Lesson 2: Children don't have disposable income.
A "LAN Party" was held at the Territorial Army barracks in Liverpool whilst I was studying for my Business Studies degree at the University of Liverpool. About 40 children and young adults brought their desktop computers to the party and competed for prizes I'd blagged from sponsors such as Crucial Memory (computer RAM) and CEX (gift vouchers).
After a full year of trading, countless hours invested, and lots of sleepless nights, the company made a grand total of around £100 profit, and HRMC took £19 of it in Corporation Tax. Two years later, I wound up the company after finally realising it wasn't a viable business.

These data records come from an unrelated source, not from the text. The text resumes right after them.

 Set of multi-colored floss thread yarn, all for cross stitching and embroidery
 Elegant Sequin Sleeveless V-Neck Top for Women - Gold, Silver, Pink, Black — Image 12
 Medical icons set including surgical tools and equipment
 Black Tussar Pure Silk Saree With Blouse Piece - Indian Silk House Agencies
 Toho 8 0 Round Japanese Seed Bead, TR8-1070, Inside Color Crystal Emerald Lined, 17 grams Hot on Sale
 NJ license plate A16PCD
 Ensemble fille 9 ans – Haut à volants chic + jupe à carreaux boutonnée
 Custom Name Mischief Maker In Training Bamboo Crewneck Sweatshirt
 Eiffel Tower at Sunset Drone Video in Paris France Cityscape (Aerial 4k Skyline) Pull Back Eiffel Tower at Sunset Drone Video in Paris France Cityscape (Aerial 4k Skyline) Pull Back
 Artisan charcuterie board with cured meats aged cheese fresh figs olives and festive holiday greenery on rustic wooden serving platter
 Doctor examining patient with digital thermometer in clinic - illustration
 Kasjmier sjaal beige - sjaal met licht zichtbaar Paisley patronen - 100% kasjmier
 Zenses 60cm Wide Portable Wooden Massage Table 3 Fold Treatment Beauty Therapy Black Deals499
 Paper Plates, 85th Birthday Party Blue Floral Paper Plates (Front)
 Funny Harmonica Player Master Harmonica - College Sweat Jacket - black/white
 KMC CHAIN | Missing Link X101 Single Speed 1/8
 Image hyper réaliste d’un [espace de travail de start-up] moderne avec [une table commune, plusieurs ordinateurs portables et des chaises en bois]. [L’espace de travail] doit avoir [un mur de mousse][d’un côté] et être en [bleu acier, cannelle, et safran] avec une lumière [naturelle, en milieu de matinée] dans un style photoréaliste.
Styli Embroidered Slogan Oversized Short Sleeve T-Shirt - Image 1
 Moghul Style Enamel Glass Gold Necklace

Lesson 3: Hobbies don't automatically translate into viable businesses.
The Rat Race
After landing my first "real" job working as a Business Change Manager in the NHS, my entrepreneurship took a back seat for a few years whilst I helped to modernise various NHS services before moving to the private sector and working on complex software development projects and implementations in businesses and the NHS.
It was fun for a while. I learnt a lot, became a Certified PRINCE2 Project Manager, and had a lot of successes diligently implementing projects. But things moved too slowly in my opinion; needless red tape slowed down progress, and in the larger organisations, the lack of accountability was palpable.
Lesson 4: Working in large bureaucratic organisations isn't for everyone.
SIGMA is Born
Founded in 2011, SIGMA began its life primarily as an IT services company. It's fair to say that we did whatever was needed to ensure the bills were paid; a story I know is familiar to a lot of start-up businesses.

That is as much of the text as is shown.